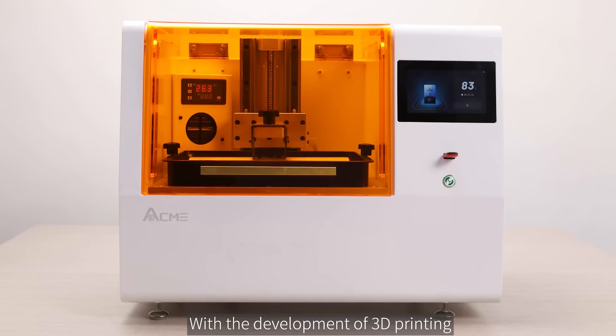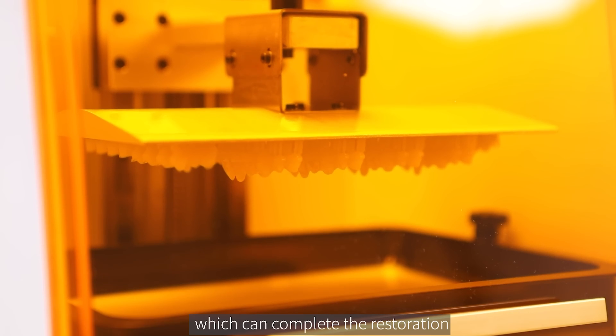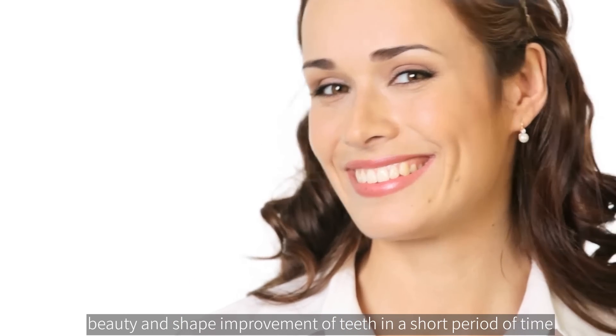With the development of 3D printing, 3D printing temporary crowns have become a common technique for dentists, which can complete the restoration, beauty, and shape improvement of teeth in a short period of time.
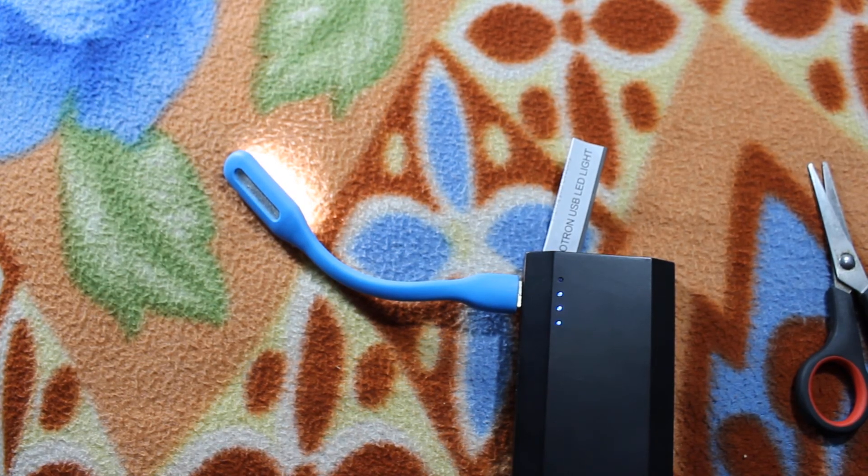So this is my video. This is my new portable USB LED light. Some more viewers, subscribe here and give a thumbs up to me. Bye.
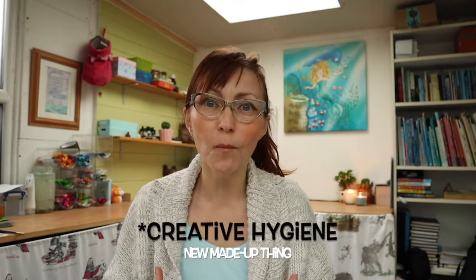It's important to have creative hygiene so that when you want to put your mitts on something — maybe a particular pen or some chalk pastels — you know where it is. You haven't got to search for it for half an hour, and in the meantime your creative muse has evaporated. How annoying! So here are my top tips for keeping your space grooving.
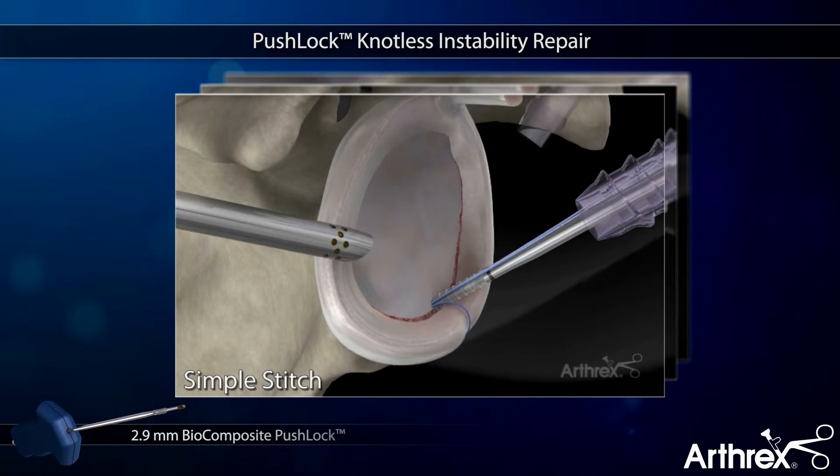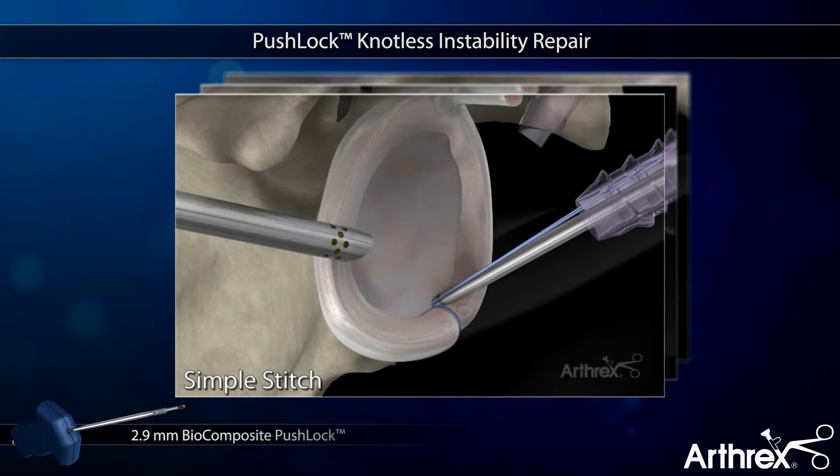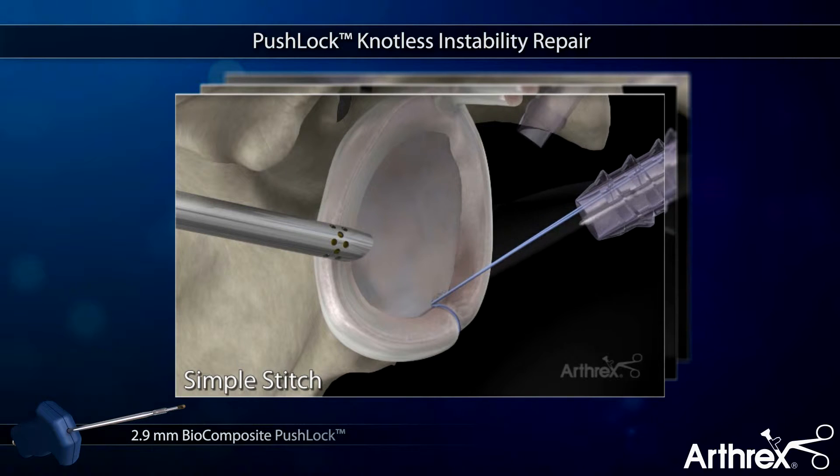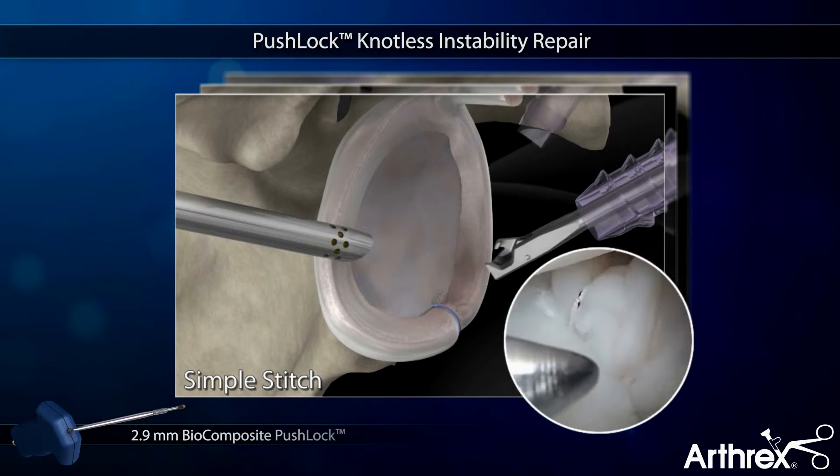The fiber wires are delivered into the bone socket. Tension is clearly visualized, adjusted, and then locked into position with the Push-Lock anchor body, creating a strong and low-profile construct without knots.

◆ **Task goal**
I would like the data copied exactly as it stands, with no pictures included.

◆ **Response box**
With the development of 3D printing, 3D printing temporary crowns have become a common technique for dentists, which can complete the restoration, beauty, and shape improvement of teeth in a short period of time.
So this is my video. This is my new portable USB LED light. Some more viewers, subscribe here and give a thumbs up to me. Bye.
It's important to have creative hygiene so that when you want to put your mitts on something — maybe a particular pen or some chalk pastels — you know where it is. You haven't got to search for it for half an hour, and in the meantime your creative muse has evaporated. How annoying! So here are my top tips for keeping your space grooving.
The fiber wires are delivered into the bone socket. Tension is clearly visualized, adjusted, and then locked into position with the Push-Lock anchor body, creating a strong and low-profile construct without knots.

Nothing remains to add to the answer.